* **Task description**: Your answer must be the records below repeated word for word, with no pictures in it.

Segment Open

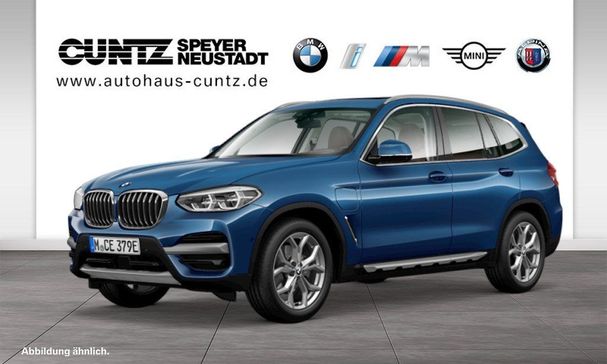 BMW X3 xDrive30e xLine 215 kW image number 1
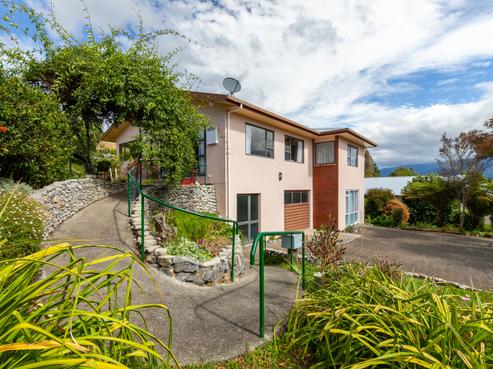 16 Park Avenue, Takaka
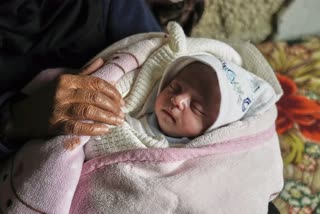 غزہ: قدرت کا کرشمہ، ایک ماہ کی بچی کو عمارت کے ملبے سے زندہ نکالا گیا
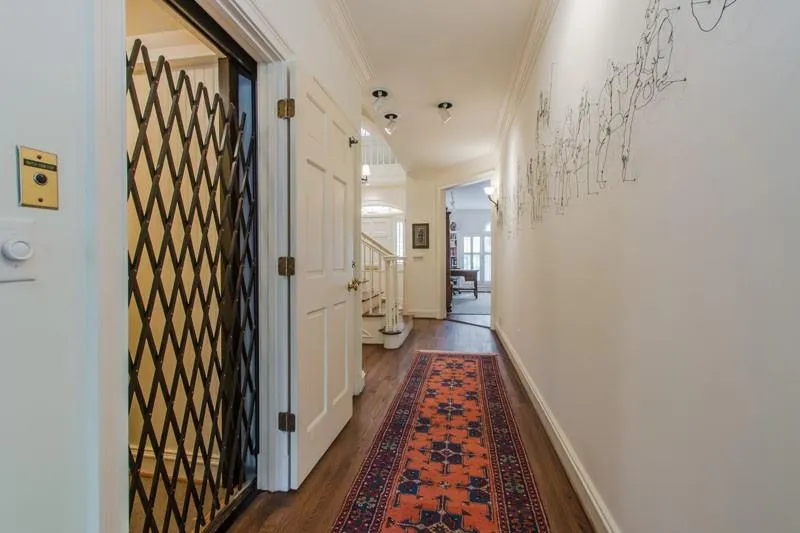 2525 Peachtree Road Ne Unit 3, Atlanta, Georgia 30305, 3 Bedrooms Bedrooms, ,3 BathroomsBathrooms,Residential,Sold,2525 Peachtree Road Ne Unit 3,5684809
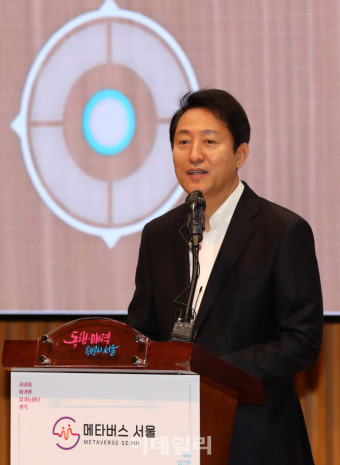 [포토]공공 메타버스 플랫폼 '메타버스 서울' 설명하는 오세훈 시장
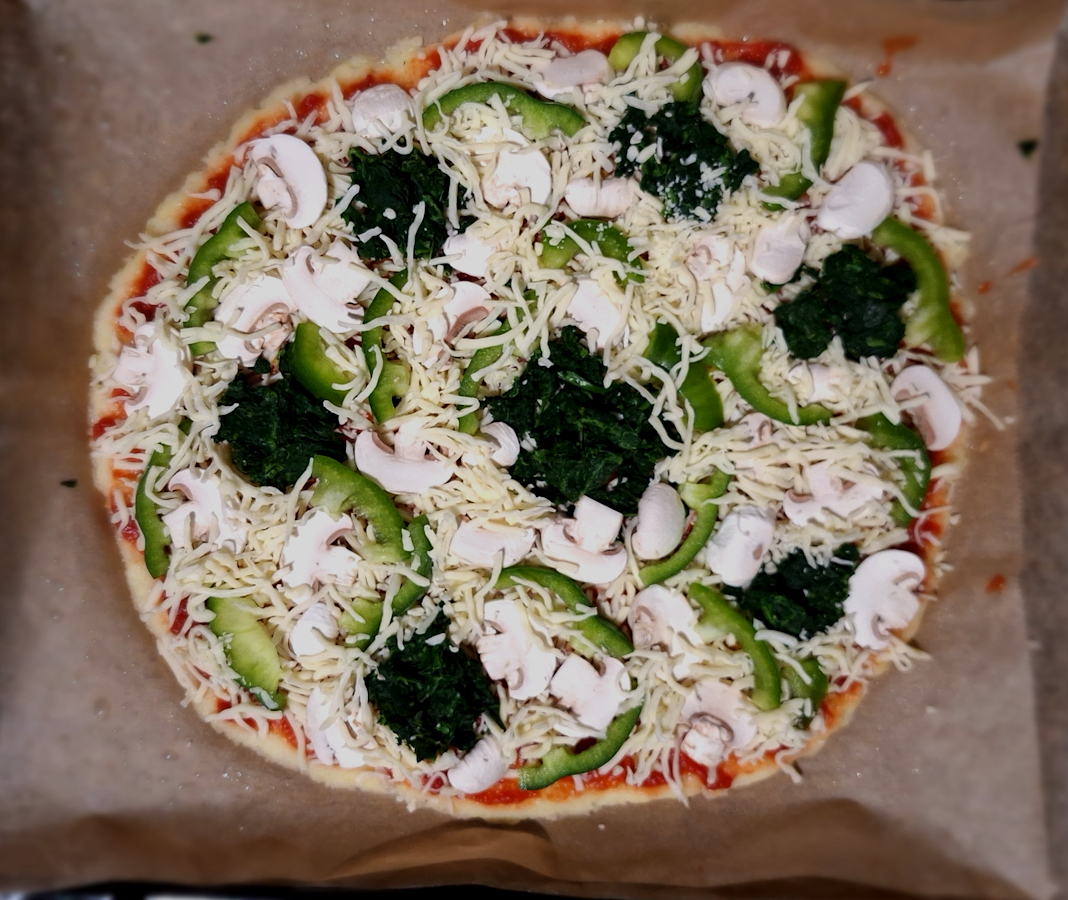 17032024_Klossteigpizza_vor_dem_Backen.jpg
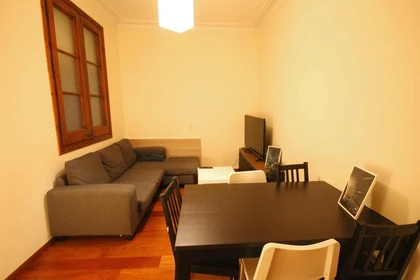 Privatzimmer in der Carrer Gran de Gràcia, 100, bild 19 von 24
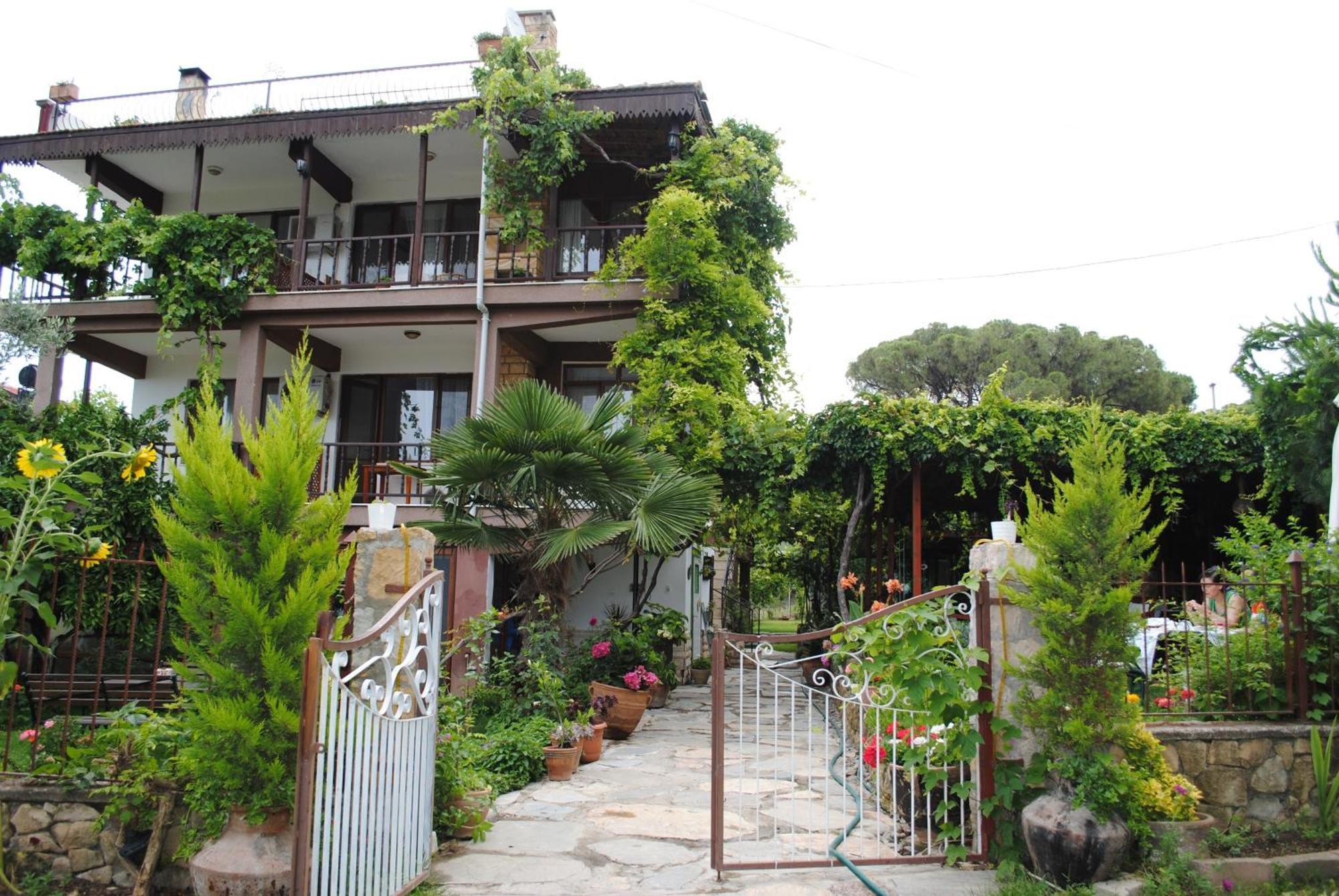 Gunebakan Taliani Hotel Ayvalı Εξωτερικό φωτογραφία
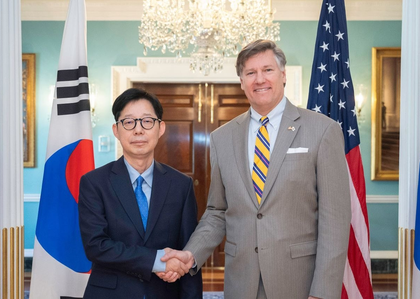 S. Korea, US to swiftly launch working groups on summit agreements | S. Korea, US to swiftly launch working groups on summit agreements S. Korea, US to swiftly launch working groups on summit agreements | S. Korea, US to swiftly launch working groups on summit agreements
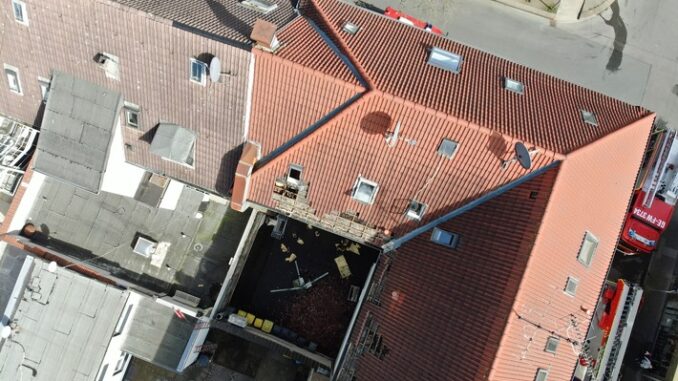 FW-GE: Verdächtiger Rauch in der Altstadt führt zu aufwendigem Einsatz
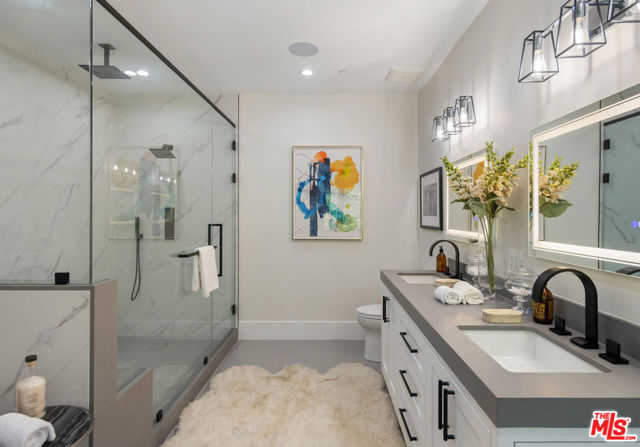 1534 N Beverly Drive, Beverly Hills CA: https://media.crmls.org/mediaz/0dd32d46-7e50-4c38-9114-f53400f0e410.jpg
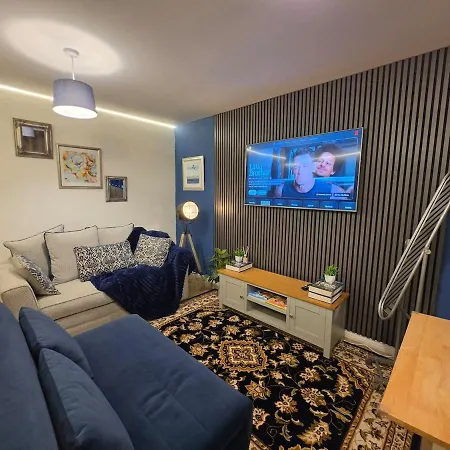 Cosy 2-bed Near Centre Διαμέρισμα *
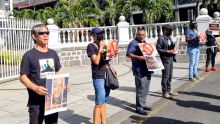 Affaire de « sniffing » : manif devant le Parlement par un groupe de personnes, mené par les activistes Ivan Bibi et Percy Yip Tong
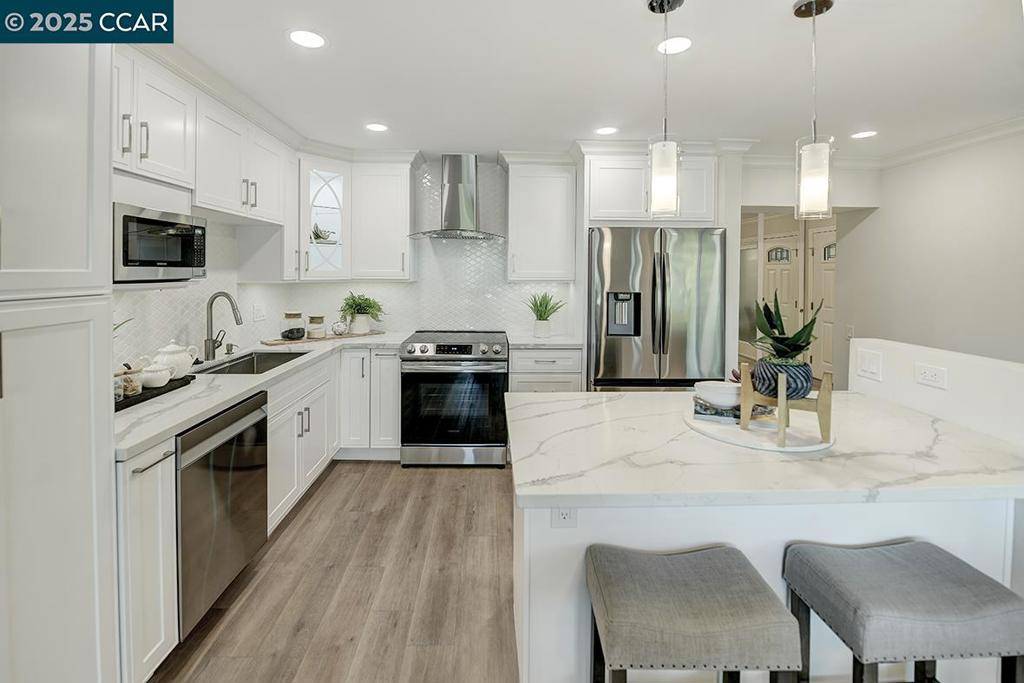Walnut Creek, CA 94595,1459 Rockledge Ln #4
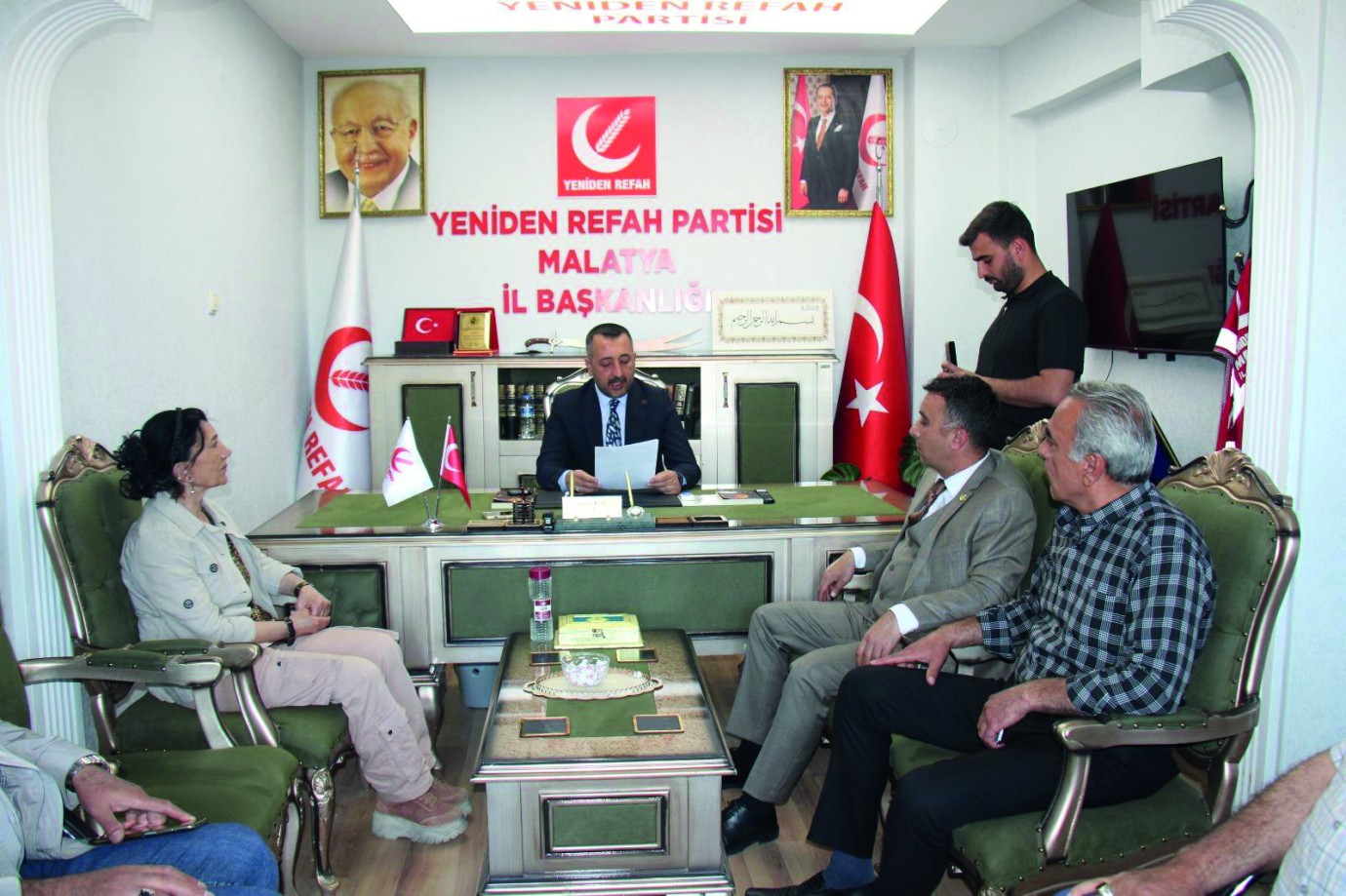 Her 100 Liralık Ürünün İçinde 65 Lira Vergi Var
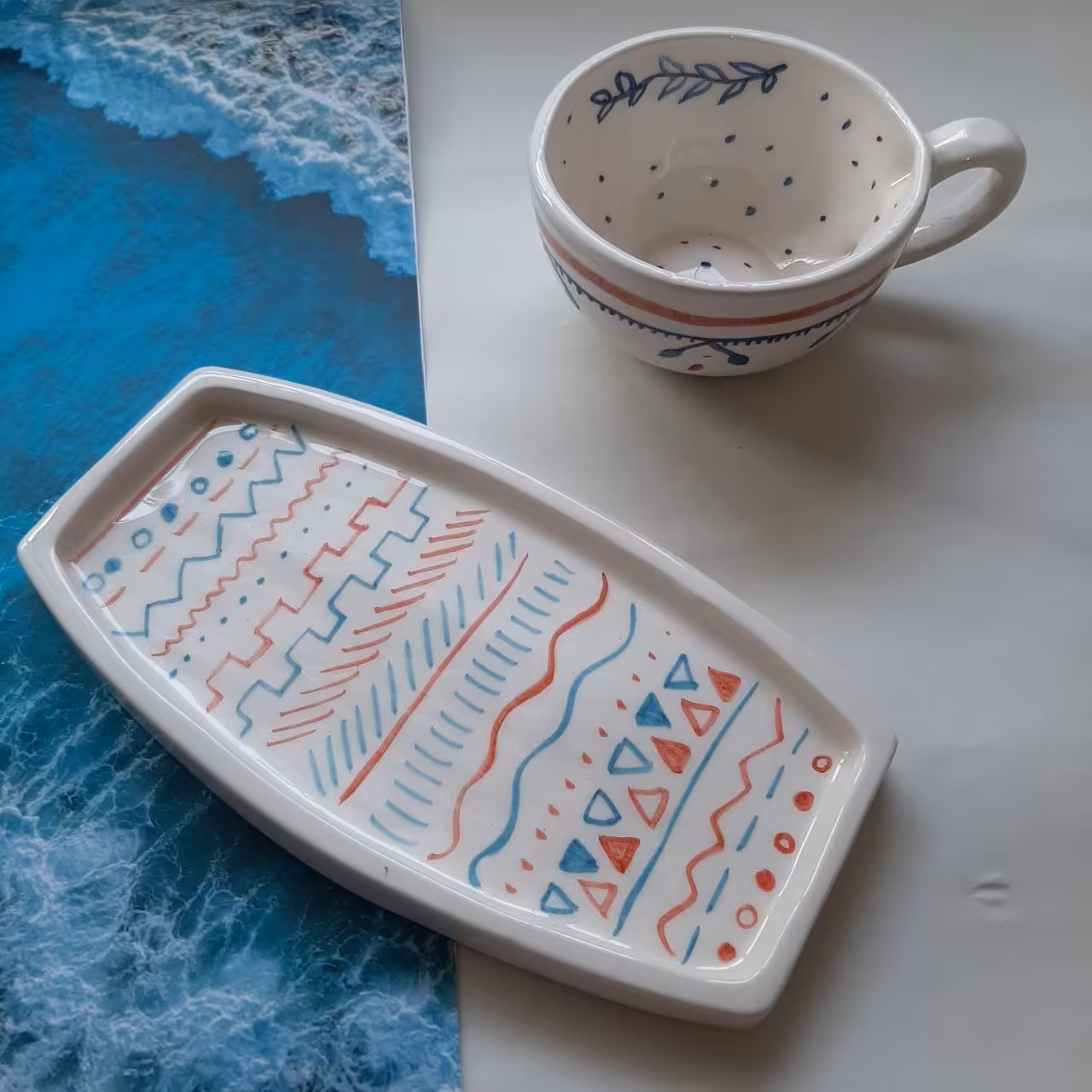 ست فنجان و زیرلیوانی دستساز سرامیکی طرح فانتزی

Segment Closed

* **Reply**:
 BMW X3 xDrive30e xLine 215 kW image number 1
 16 Park Avenue, Takaka
 غزہ: قدرت کا کرشمہ، ایک ماہ کی بچی کو عمارت کے ملبے سے زندہ نکالا گیا
 2525 Peachtree Road Ne Unit 3, Atlanta, Georgia 30305, 3 Bedrooms Bedrooms, ,3 BathroomsBathrooms,Residential,Sold,2525 Peachtree Road Ne Unit 3,5684809
 [포토]공공 메타버스 플랫폼 '메타버스 서울' 설명하는 오세훈 시장
 17032024_Klossteigpizza_vor_dem_Backen.jpg
 Privatzimmer in der Carrer Gran de Gràcia, 100, bild 19 von 24
 Gunebakan Taliani Hotel Ayvalı Εξωτερικό φωτογραφία
 S. Korea, US to swiftly launch working groups on summit agreements | S. Korea, US to swiftly launch working groups on summit agreements S. Korea, US to swiftly launch working groups on summit agreements | S. Korea, US to swiftly launch working groups on summit agreements
 FW-GE: Verdächtiger Rauch in der Altstadt führt zu aufwendigem Einsatz
 1534 N Beverly Drive, Beverly Hills CA: https://media.crmls.org/mediaz/0dd32d46-7e50-4c38-9114-f53400f0e410.jpg
 Cosy 2-bed Near Centre Διαμέρισμα *
 Affaire de « sniffing » : manif devant le Parlement par un groupe de personnes, mené par les activistes Ivan Bibi et Percy Yip Tong
Walnut Creek, CA 94595,1459 Rockledge Ln #4
 Her 100 Liralık Ürünün İçinde 65 Lira Vergi Var
 ست فنجان و زیرلیوانی دستساز سرامیکی طرح فانتزی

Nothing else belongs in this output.